BEGIN

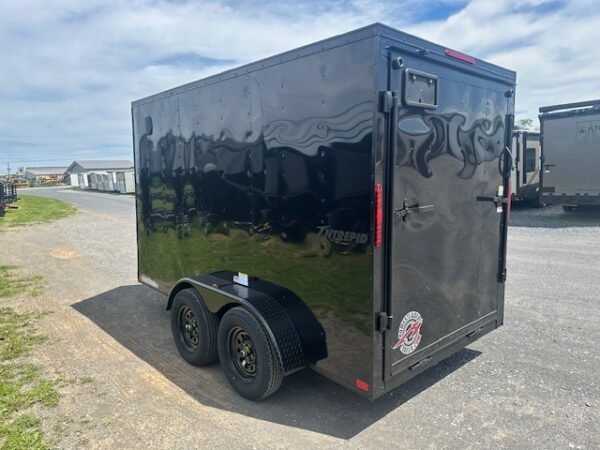 Homesteader 6 x 12 V-Nose Enclosed Cargo Trailer – Black Trim - Image 7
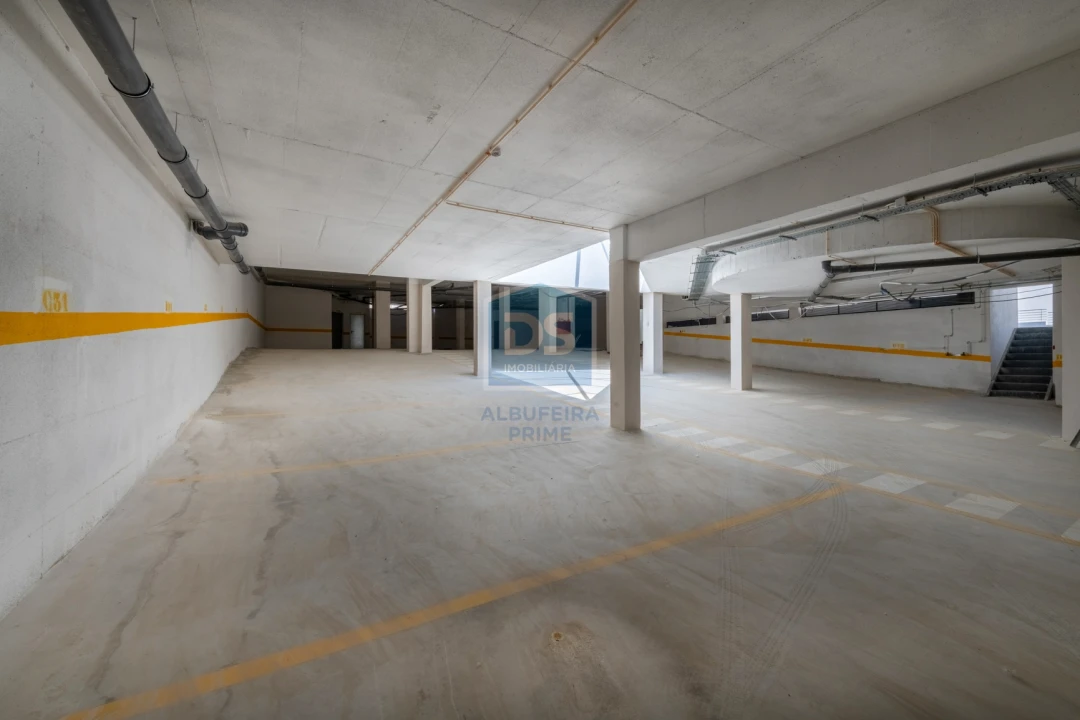 Apartamento T4 para Venda em Quelfes Foto 27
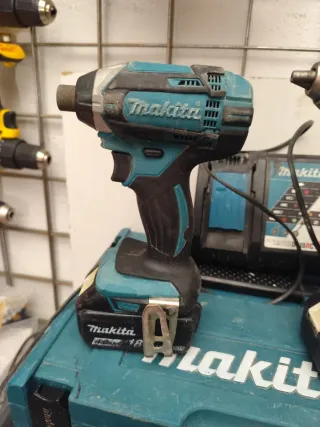 Kit Makita Taladro Atornillador y Radial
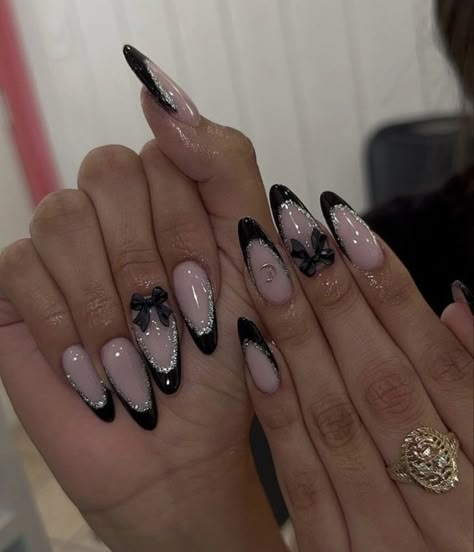 Paznokcie Hello Kitty, Latina Nails, Black And White Nail, Nails Collection, Black Acrylic Nails, Nagel Tips, Smink Inspiration, Grunge Nails, Girly Acrylic Nails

END

Work order →
Using the material above, set down every line exactly, but skip the pictures.

Result of this exercise →
 Homesteader 6 x 12 V-Nose Enclosed Cargo Trailer – Black Trim - Image 7
 Apartamento T4 para Venda em Quelfes Foto 27
 Kit Makita Taladro Atornillador y Radial
 Paznokcie Hello Kitty, Latina Nails, Black And White Nail, Nails Collection, Black Acrylic Nails, Nagel Tips, Smink Inspiration, Grunge Nails, Girly Acrylic Nails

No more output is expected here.